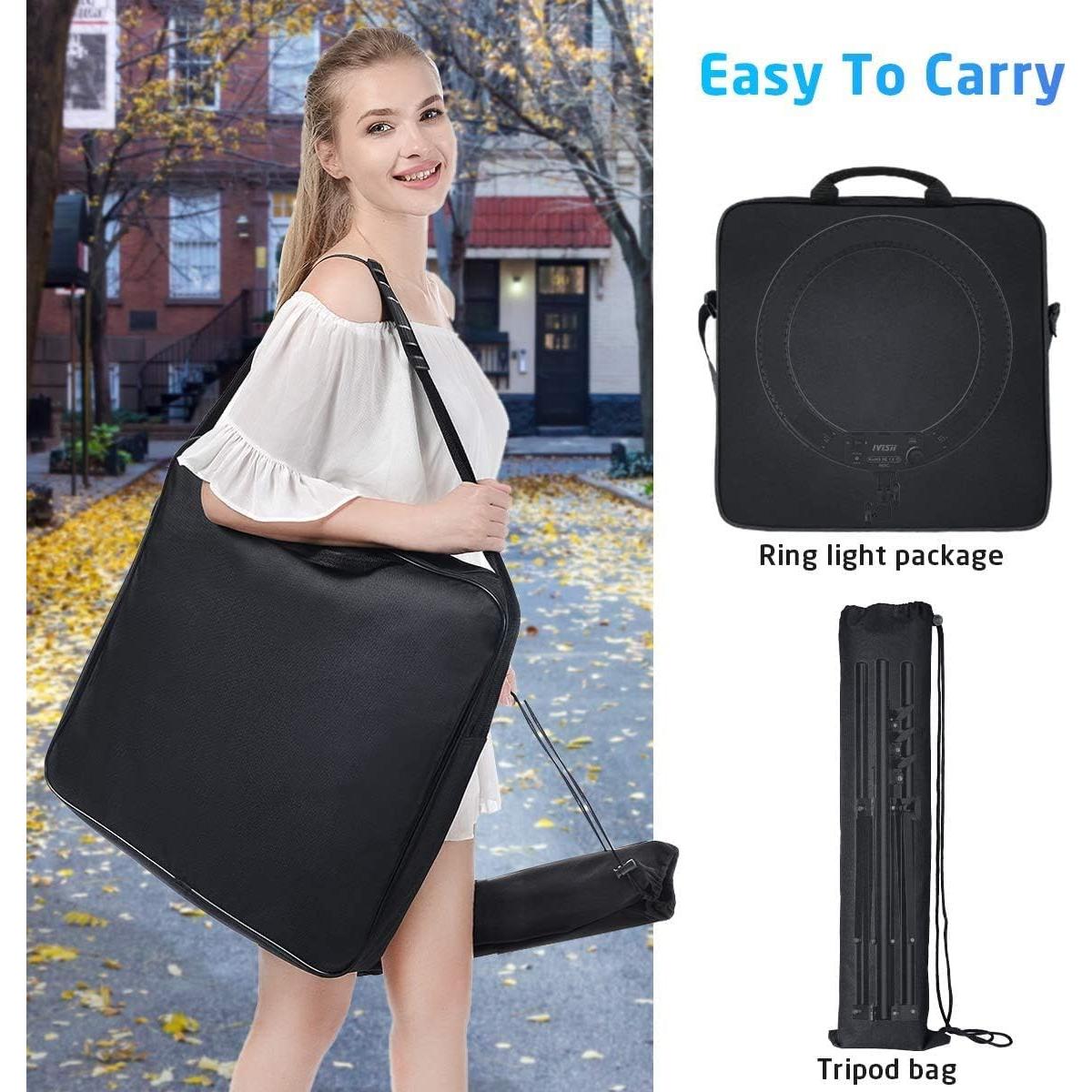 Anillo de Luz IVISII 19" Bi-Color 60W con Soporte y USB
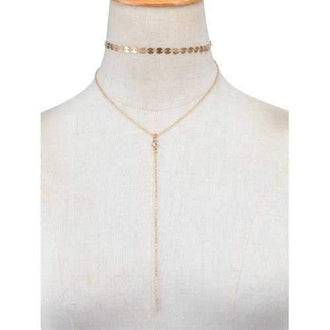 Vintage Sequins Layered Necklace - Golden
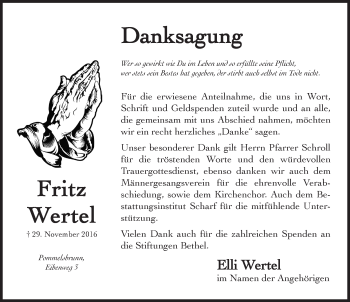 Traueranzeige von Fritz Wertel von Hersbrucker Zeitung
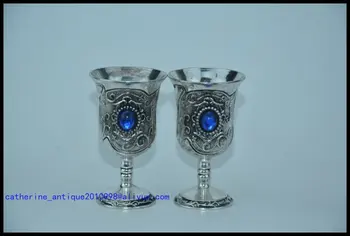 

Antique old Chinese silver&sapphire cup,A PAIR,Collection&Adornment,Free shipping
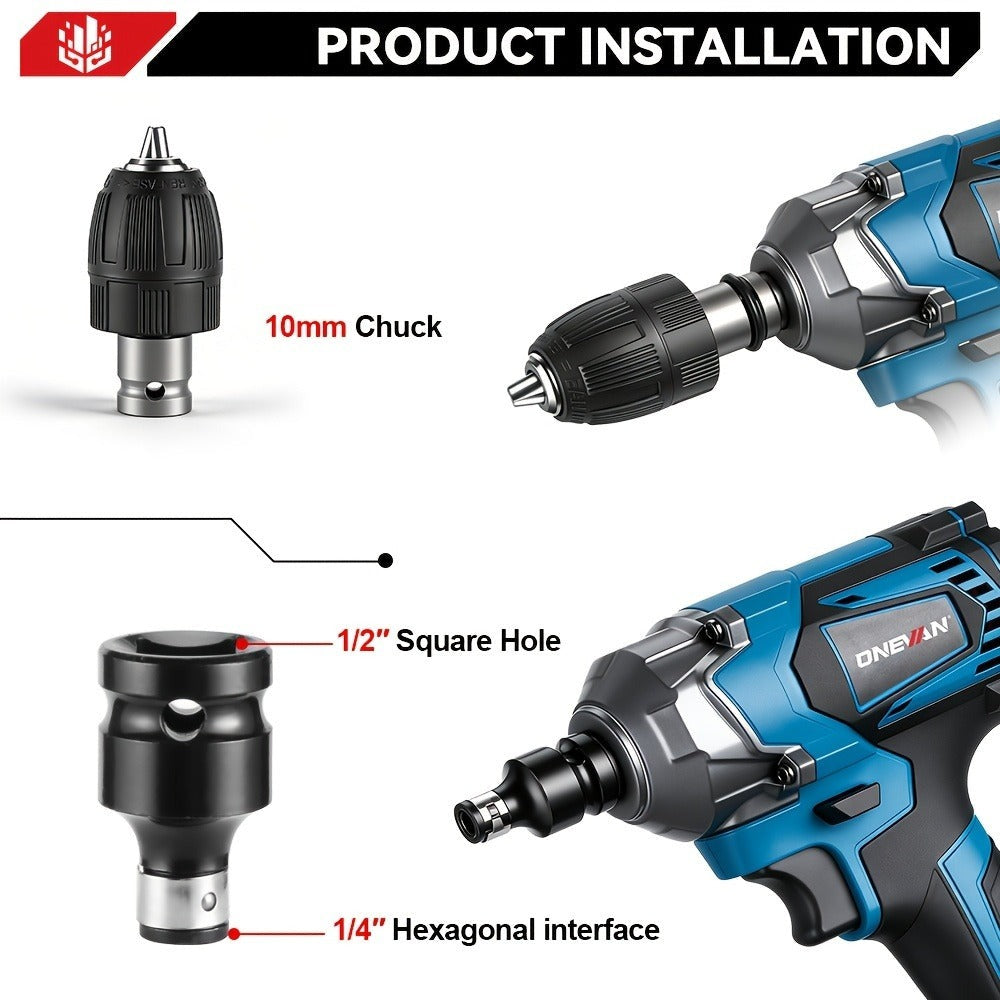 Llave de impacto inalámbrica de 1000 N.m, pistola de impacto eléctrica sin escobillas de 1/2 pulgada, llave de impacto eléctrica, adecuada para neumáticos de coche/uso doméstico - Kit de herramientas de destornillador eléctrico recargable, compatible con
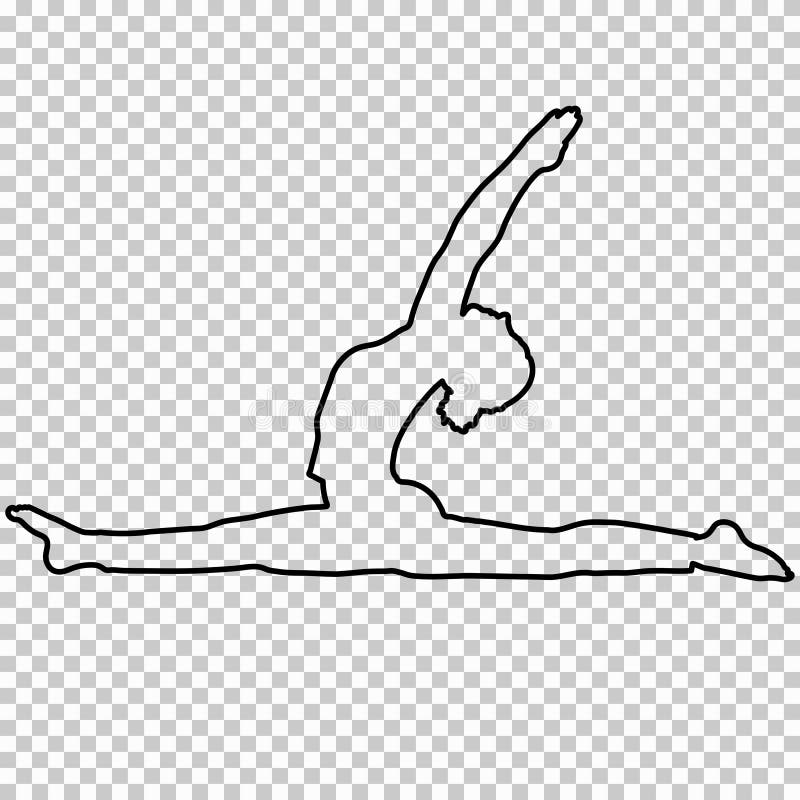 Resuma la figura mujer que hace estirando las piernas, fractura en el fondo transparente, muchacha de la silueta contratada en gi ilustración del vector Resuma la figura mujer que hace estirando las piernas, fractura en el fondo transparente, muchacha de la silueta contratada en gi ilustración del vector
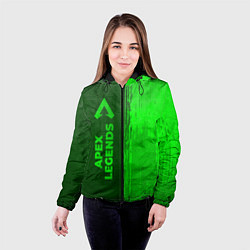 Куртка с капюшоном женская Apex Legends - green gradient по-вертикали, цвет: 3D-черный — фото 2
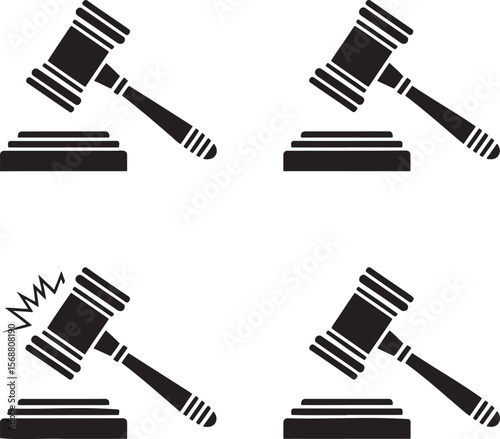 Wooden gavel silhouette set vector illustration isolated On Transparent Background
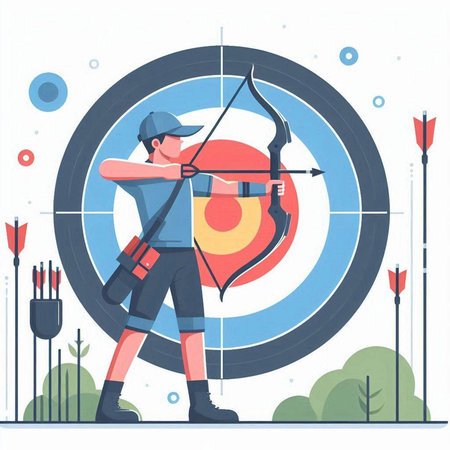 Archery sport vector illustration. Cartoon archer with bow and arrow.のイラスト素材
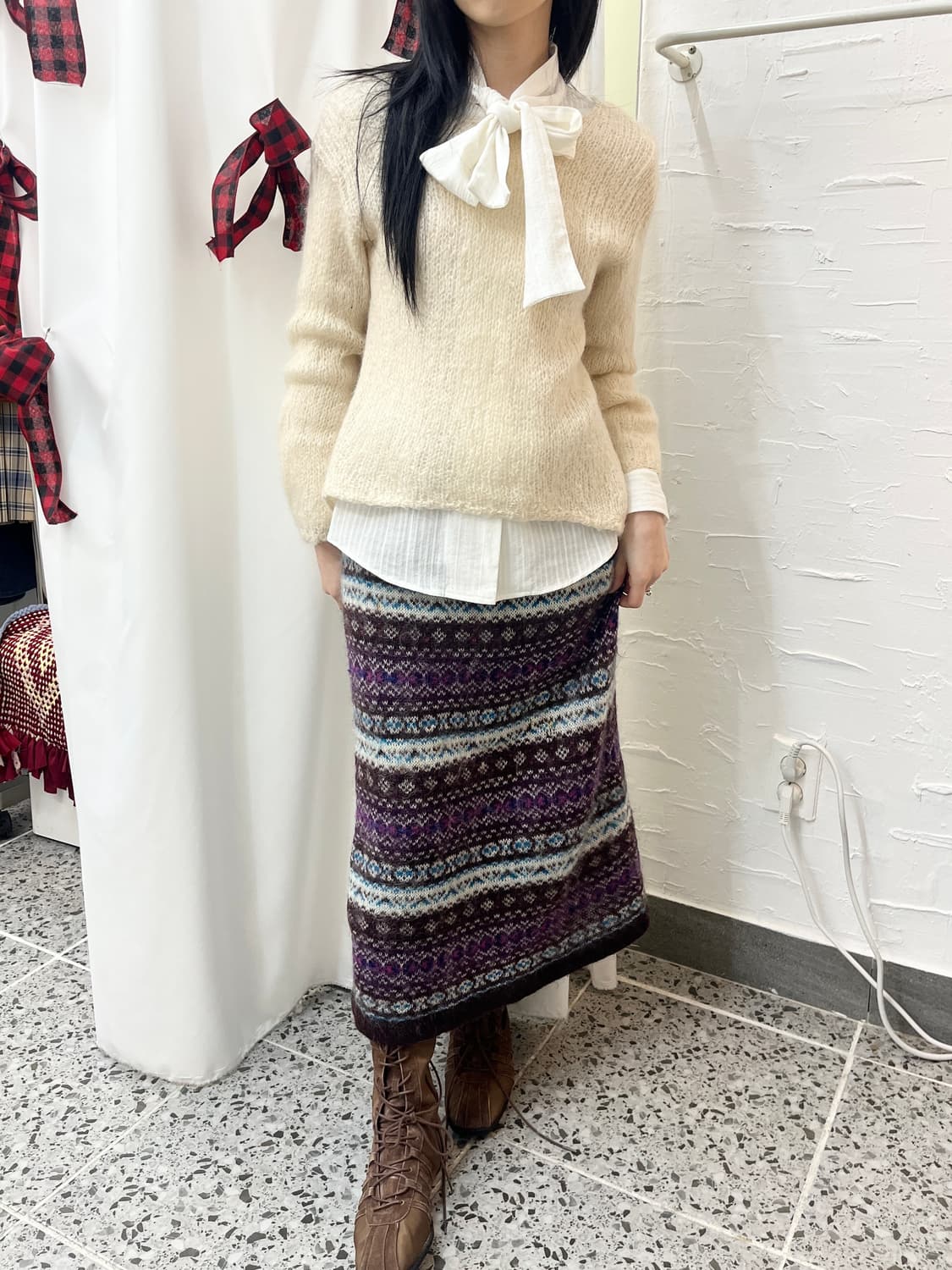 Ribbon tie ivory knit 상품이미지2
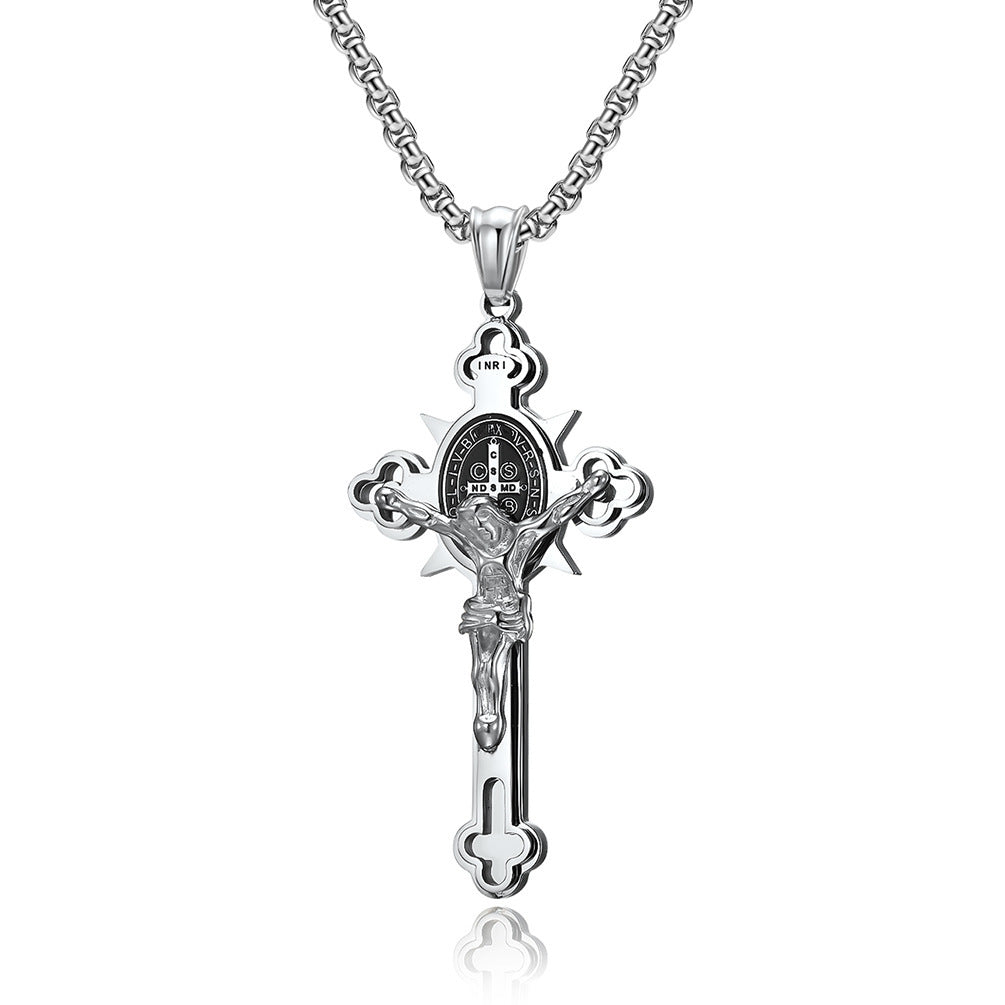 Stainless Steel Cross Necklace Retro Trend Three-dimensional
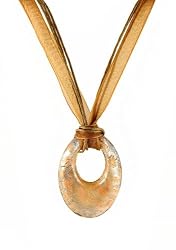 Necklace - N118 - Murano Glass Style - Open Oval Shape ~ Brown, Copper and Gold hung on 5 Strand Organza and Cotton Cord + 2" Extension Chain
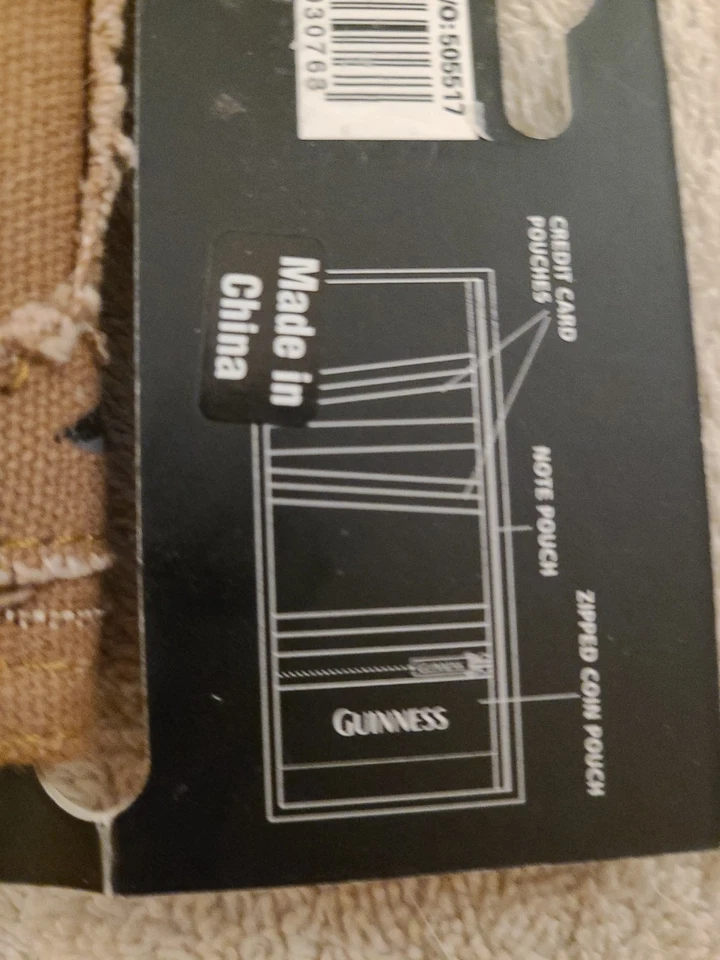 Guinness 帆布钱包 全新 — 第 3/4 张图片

_ _ _

REQUIRED ACTION: Set down every entry above exactly as written, but skip the pictures.

REPLY:
 Anillo de Luz IVISII 19" Bi-Color 60W con Soporte y USB
 Vintage Sequins Layered Necklace - Golden
 Traueranzeige von Fritz Wertel von Hersbrucker Zeitung

Antique old Chinese silver&sapphire cup,A PAIR,Collection&Adornment,Free shipping
 Llave de impacto inalámbrica de 1000 N.m, pistola de impacto eléctrica sin escobillas de 1/2 pulgada, llave de impacto eléctrica, adecuada para neumáticos de coche/uso doméstico - Kit de herramientas de destornillador eléctrico recargable, compatible con
 Resuma la figura mujer que hace estirando las piernas, fractura en el fondo transparente, muchacha de la silueta contratada en gi ilustración del vector Resuma la figura mujer que hace estirando las piernas, fractura en el fondo transparente, muchacha de la silueta contratada en gi ilustración del vector
 Куртка с капюшоном женская Apex Legends - green gradient по-вертикали, цвет: 3D-черный — фото 2
 Wooden gavel silhouette set vector illustration isolated On Transparent Background
 Archery sport vector illustration. Cartoon archer with bow and arrow.のイラスト素材
 Ribbon tie ivory knit 상품이미지2
 Stainless Steel Cross Necklace Retro Trend Three-dimensional
 Necklace - N118 - Murano Glass Style - Open Oval Shape ~ Brown, Copper and Gold hung on 5 Strand Organza and Cotton Cord + 2" Extension Chain
 Guinness 帆布钱包 全新 — 第 3/4 张图片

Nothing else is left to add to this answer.